Work request
Only an exact repeat of the listing, without its images, counts as the answer.

Data section
..........

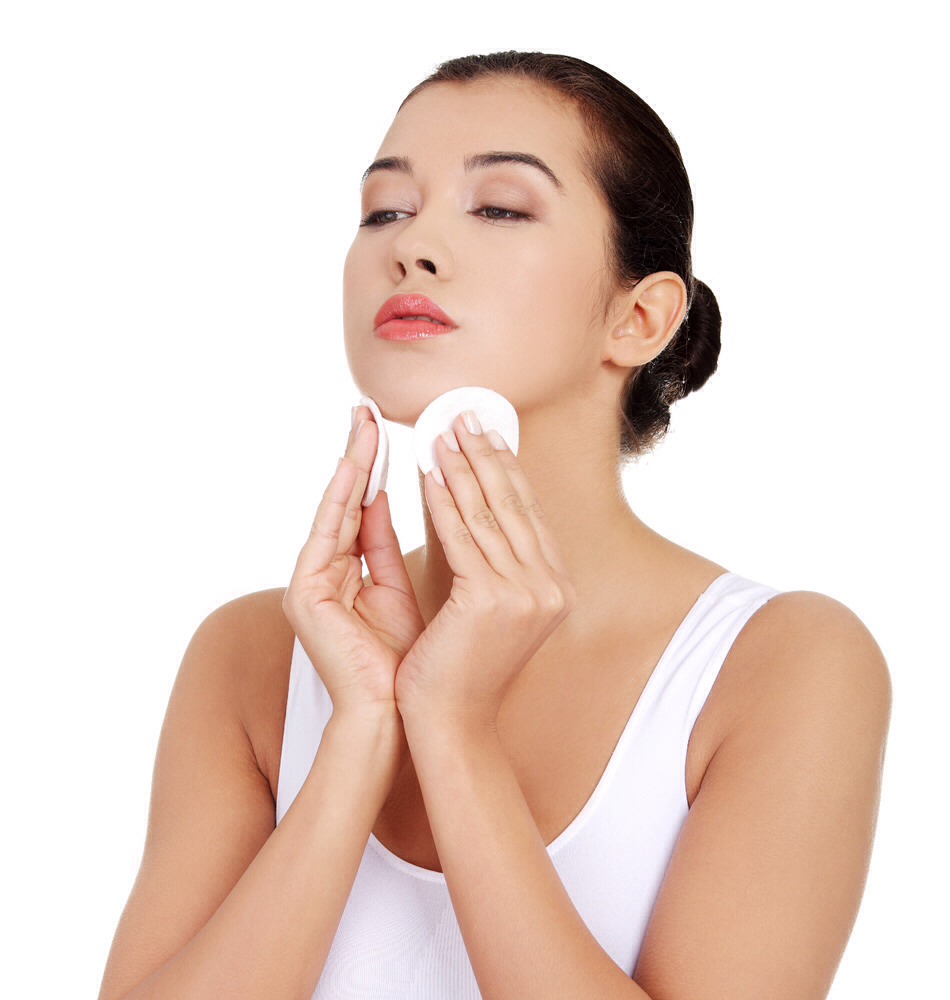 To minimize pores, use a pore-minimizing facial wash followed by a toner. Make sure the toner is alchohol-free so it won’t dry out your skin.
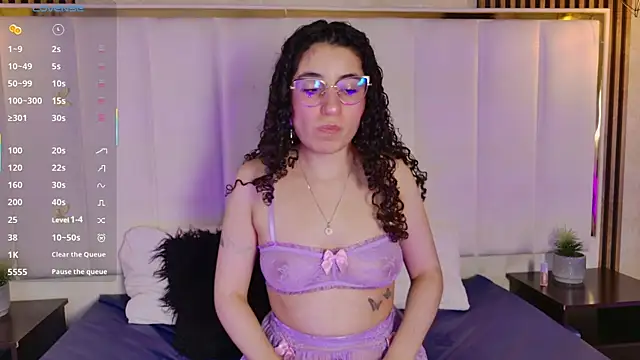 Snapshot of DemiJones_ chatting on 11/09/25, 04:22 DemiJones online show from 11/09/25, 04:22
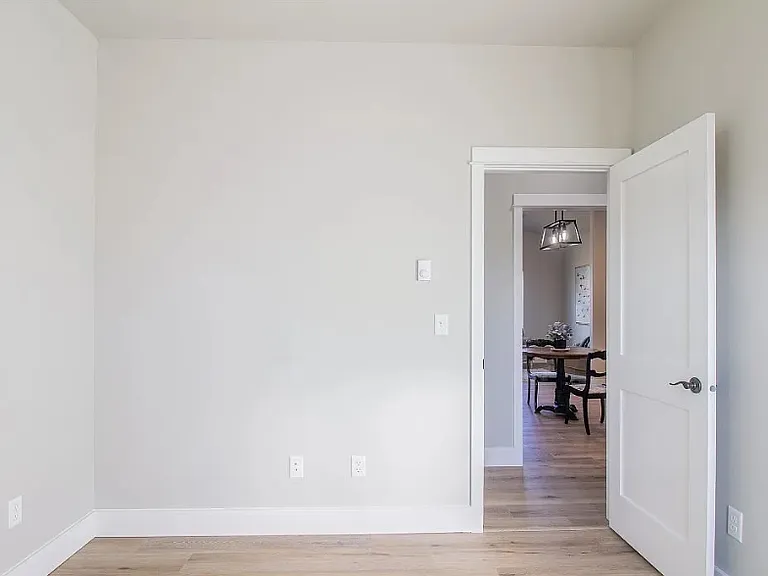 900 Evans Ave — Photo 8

..........

Task result
 To minimize pores, use a pore-minimizing facial wash followed by a toner. Make sure the toner is alchohol-free so it won’t dry out your skin.
 Snapshot of DemiJones_ chatting on 11/09/25, 04:22 DemiJones online show from 11/09/25, 04:22
 900 Evans Ave — Photo 8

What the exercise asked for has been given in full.